The People You Meet In Pubs!!!

Posted on January 3, 2010

Diane and I went for a few drinks in The Grey Hound in Broughton last night where we met the local Buffalo Farmer, Daegan and his friend Jaroslav (Pictured below) and what an interesting night it turned out to be!!!

Jaroslav is an artist who originates from Prague. He came to London as a visitor in 1968, during his 10 day visit, the Russian tanks rolled in to Prague, shut the borders, and Jaroslav never went back. In effect he escaped the Communist regime by being in the right place (London) at the right time.
It would be easy for him to tell stories of riding a BSA Motorcycle through a barbed wire fence under machine gun fire, or building his own hot air balloon to cross the border with, but he was happy to admit he just got lucky, and because Britain was still feeling a bit guilty about Chamberlain selling the Czechs down the river just before the second world war, Jaroslav was made welcome in London and set up a life in England as an Art Teacher and Sculptor.
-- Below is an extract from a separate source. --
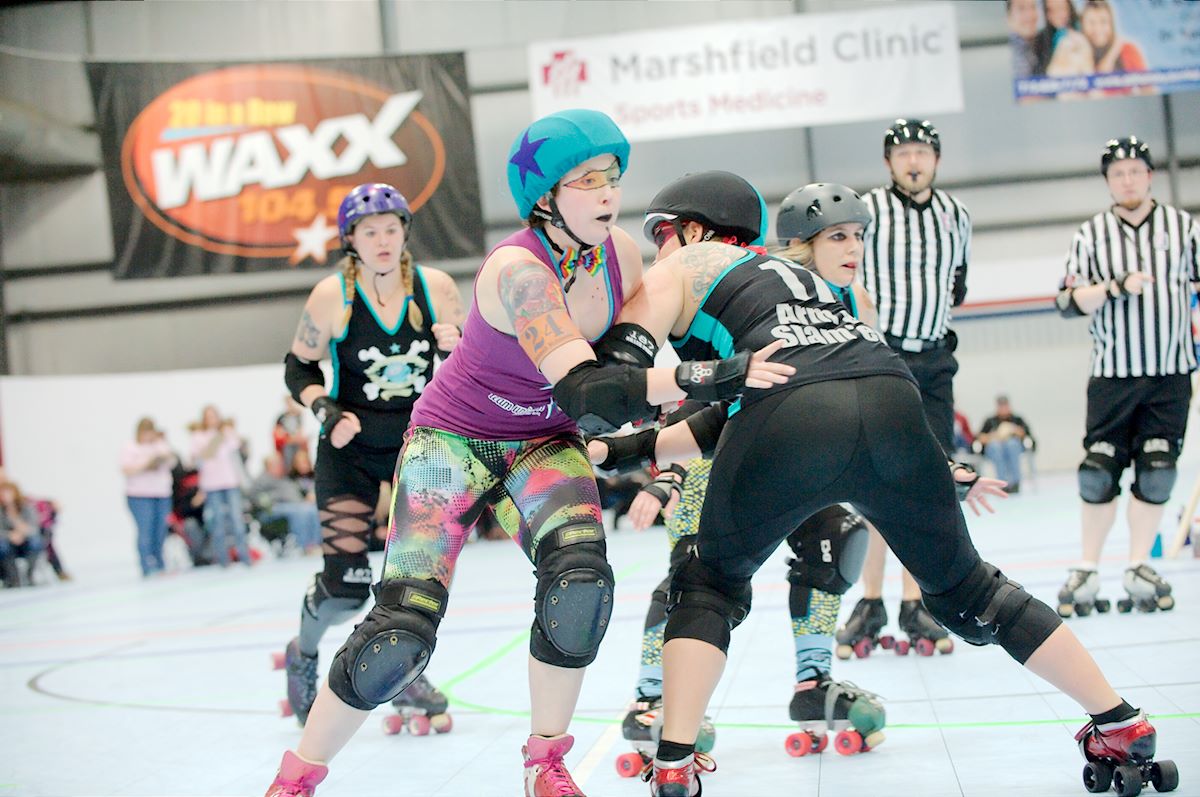 ddb 20160109 010-320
This in itself is a good story, but it was about to improve dramatically.
Jaroslav now lives in Notting Hill with his English wife and is now retired, though he still works part time sculpting his unique love of his life, and despite his 40 + years in the UK and complete grasp of English, he still has a slight accent. ” I like zee Engleesh zay are very friendly yesh”.
Anyway he was not very forthcoming about his work, and what it is he actually sculpts. However anyone who knows Diane when she is fuelled by a few glasses of Pinot Grigio, knows she wont give up easily. The conversation went like this.
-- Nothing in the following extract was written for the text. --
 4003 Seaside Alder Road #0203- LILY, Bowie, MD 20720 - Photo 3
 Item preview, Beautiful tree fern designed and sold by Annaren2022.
D. “Oh so you still do some sculpting, what do you like doing?”
J. “I like to do my own favourite sculpting, it is my hobby, but I sell too”
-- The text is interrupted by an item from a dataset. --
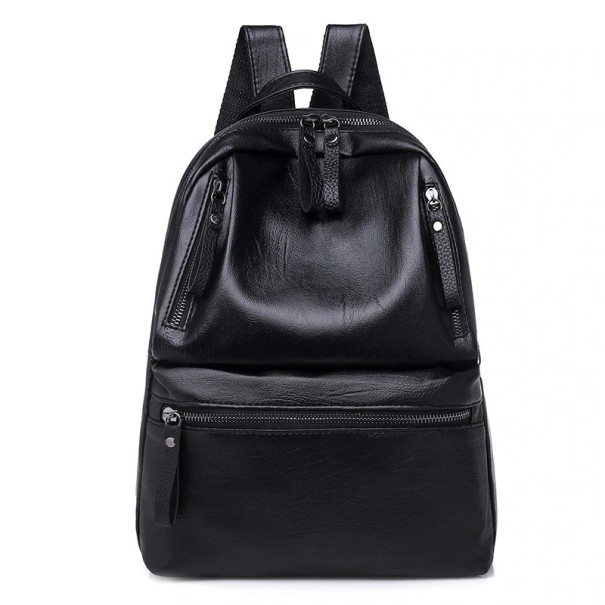 Mochila de mujer E817 1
D. “That’s good, so what do you do Horses, that sort of thing?”
J. “No, no, no, no”
D. What then peoples pets, cats…..dogs………….?”
J. “No, no, I don’t do animals”
D. “What do you do then?”
J. “CUNTS”
Temporary silence.
D. “Wh wh wh…..WHAT!!!!
J. “Women’s Cunts”
Apparently, my not easily shocked jaw smashed to the floor, which is hardly surprising considering he had come up with an answer of such magnitude. Shock was soon surpassed by laughter so uncontrollable that the other customers in the pub were becoming concerned about my welfare. Moments like that make life worthwhile, tears were streaming from my eyes.
Jaroslav wasn’t joking either, he had a whole career behind of studying, sculpting, painting, and selling vagina’s. He had sold one he made of cardboard for £1500 and has produced a 12 minute DVD on the subject. When Di, (remarkably more composed than me) asked him if he was in fact a Pornographer, he put her firmly in her place.
“I am certainly not a Pornographer, I am a studier, an artist, and a sculptor of the female genitalia, otherwise known as the Cunt.”
Indeed.
The message to everyone out there is don’t be dull, use you local pub if you have one, you just don’t know who you might meet, even if it is highly unlikely you will come across a Cunt sculptor. What a great start to the New Year!!!